Ah! The "plus." Although it's not reportable that a politician has a very pretty girlfriend from the outside world, it is very reportable if that world happens to be the Mafia. If there's one thing worse than dipping your pen into the company inkwell, it's dipping it into the "family" inkwell. You don't need to be Tony Soprano to know that bit of professional etiquette.

So we could've -- should've -- would've written about that one. What stopped us -- I love speaking for the journalistic priesthood -- is that we didn't know. Jack Kennedy knew how to keep a secret. Like Spencer Tracy and Kate Hepburn in the old days, he knew that before some editor could hand-wring over whether to report a story, he needed to have a reporter bring the news to him.

JFK went to great pains to keep editors from such painful decisions. Once, he had the estimable Adlai Stevenson meet him at the Carlyle in New York, only for the U.N. ambassador to realize that the embarrassingly brief meeting was a cover for a more extended stay with someone a tad more entrancing.

Keeping the lid on an affair also means dating girls hornier for you than they are for publicity. Judy Campbell didn't drop the bomb on him when he was the hot frontrunner in the New Hampshire primary. She waited until Jack was as dead as Julius Caesar.

Bill Clinton either couldn't pick 'em that well or wasn't as nice to them afterward.

Gennifer Flowers called a festive New York press conference to celebrate the announcement of her affair with a certain Arkansas governor. She brought along a party favor: a homemade tape of Big Bill in full schmooze instructing her on the art of the cover-up. Clinton, who unleashed his flacks to say the tape was "edited," blew the denial by apologizing to Gov. Mario Cuomo for comparing him on the tape to a "Mafia" captain.

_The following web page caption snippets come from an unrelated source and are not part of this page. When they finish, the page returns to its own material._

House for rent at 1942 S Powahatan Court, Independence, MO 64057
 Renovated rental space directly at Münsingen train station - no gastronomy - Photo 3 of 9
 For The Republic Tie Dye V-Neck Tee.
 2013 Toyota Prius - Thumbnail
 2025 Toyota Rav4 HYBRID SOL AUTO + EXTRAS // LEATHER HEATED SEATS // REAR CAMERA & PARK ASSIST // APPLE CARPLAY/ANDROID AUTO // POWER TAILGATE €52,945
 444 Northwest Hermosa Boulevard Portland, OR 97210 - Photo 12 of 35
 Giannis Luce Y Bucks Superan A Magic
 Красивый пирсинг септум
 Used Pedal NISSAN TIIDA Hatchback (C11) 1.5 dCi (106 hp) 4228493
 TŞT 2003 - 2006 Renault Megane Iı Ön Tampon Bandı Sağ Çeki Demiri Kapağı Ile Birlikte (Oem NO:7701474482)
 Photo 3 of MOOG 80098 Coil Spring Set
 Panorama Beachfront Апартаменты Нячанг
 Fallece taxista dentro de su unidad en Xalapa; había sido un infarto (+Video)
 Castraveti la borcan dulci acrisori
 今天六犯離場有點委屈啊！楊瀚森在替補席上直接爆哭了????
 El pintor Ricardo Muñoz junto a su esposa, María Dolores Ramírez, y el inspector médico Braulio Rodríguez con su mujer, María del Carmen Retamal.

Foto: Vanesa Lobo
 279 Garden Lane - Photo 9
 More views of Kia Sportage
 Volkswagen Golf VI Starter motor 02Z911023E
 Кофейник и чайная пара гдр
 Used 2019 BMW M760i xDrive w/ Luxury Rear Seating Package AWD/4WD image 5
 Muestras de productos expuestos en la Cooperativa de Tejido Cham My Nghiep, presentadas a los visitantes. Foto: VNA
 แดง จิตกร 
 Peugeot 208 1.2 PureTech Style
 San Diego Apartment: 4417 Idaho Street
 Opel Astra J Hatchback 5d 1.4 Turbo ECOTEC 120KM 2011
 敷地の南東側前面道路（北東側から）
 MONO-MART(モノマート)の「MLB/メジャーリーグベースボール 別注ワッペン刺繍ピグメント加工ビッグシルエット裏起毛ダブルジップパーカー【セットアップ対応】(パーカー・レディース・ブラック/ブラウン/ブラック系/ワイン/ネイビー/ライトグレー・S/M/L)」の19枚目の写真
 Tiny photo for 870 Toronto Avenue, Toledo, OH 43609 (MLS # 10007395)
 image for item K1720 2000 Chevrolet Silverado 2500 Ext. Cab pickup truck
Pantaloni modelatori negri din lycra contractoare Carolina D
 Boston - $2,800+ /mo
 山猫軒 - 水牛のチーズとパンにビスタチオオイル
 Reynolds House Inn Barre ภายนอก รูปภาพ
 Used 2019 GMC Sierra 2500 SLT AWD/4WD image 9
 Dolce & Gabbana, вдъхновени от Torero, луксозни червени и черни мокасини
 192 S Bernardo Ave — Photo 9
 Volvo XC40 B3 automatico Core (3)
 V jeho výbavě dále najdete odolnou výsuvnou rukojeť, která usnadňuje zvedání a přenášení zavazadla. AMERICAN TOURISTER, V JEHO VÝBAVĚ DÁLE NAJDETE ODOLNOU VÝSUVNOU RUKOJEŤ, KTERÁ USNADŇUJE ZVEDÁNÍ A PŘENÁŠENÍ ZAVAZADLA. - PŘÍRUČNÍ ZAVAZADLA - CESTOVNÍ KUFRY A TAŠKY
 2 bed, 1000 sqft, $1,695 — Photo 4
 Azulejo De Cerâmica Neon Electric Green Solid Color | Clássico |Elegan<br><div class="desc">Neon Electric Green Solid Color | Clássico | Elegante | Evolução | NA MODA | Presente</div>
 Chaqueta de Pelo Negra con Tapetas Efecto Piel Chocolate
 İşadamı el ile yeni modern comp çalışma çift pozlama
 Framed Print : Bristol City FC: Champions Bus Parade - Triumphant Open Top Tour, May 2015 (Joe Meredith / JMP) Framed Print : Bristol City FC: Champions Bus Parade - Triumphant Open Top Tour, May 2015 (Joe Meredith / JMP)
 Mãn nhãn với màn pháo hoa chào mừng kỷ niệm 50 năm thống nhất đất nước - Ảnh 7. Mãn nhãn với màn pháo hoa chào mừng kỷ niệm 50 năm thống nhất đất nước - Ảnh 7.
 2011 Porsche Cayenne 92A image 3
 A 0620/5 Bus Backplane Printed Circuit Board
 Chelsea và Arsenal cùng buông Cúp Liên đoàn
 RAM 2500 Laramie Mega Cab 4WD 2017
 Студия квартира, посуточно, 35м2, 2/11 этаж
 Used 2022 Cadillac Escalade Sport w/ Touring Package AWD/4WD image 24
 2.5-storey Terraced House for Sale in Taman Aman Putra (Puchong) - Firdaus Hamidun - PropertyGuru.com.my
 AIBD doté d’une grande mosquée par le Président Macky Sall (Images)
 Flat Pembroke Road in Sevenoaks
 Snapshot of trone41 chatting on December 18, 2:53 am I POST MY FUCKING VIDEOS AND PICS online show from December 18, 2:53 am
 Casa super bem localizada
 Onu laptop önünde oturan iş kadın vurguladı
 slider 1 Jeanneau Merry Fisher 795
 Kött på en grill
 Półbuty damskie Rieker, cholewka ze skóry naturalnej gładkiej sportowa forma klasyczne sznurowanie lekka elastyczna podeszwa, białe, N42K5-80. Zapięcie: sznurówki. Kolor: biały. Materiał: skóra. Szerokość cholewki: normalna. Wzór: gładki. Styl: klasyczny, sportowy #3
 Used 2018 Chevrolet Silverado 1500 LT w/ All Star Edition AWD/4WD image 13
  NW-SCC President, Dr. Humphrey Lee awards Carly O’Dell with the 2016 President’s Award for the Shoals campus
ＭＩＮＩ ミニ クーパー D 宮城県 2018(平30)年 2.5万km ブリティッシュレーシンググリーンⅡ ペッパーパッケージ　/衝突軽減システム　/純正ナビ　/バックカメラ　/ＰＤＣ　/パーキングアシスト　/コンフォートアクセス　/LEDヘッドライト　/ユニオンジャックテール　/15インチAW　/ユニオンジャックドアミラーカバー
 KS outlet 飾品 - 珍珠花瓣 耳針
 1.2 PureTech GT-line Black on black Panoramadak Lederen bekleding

But the "sex-plus" rule held its ground. Despite the glitter of the Flowers press conference, the quality newspapers buried the story. The New York Times' morning-after account, slugged "Clinton Attempts to Ignore Rumors," ran on page A-16. The Old Grey Lady's first mention of the Gennifer show-and-tell came in the 14th paragraph.

Monica was different. This sex story had "pluses" in spades. She was an intern working under the president. As an affair, this was pure workplace drama. If you define the president's workplace to include the backroom sink, this one never left it. As an earlier occupant might have put it, this was a sex deal "of, by and for" the workplace.

The bigger "plus" was an American president's denial of the whole thing under oath. When you're trying to keep a story out of the newspapers, perjury is a bastard. So is the suggestion that you're trying to get the girl a job in New York to keep her mouth shut. So is the fact that she had spilled the entire story to the one workmate she knew for a fact hated the boss.

So what are the rules for Gary Condit? The same as they were 40 years ago: Your relationship with Chandra Levy was your business. You kept it that way by taking her to quiet restaurants in the countryside. You didn't flaunt it. Neither did you abuse your authority. Chandra was not in your charge. She didn't work for you, didn't work for the Congress. You met her off-campus. You dated her off-campus.

So far, so good.

But then something happened. She disappeared, and you refused to tell the police what you knew about where this young woman spent her time, what this young woman was dealing with, what her life was all about. For 10 weeks, you let the D.C. police search without clues and her parents suffer without hope.

That, Congressman, is the terrible "plus" that makes you as big a part of this story as the lost Chandra herself.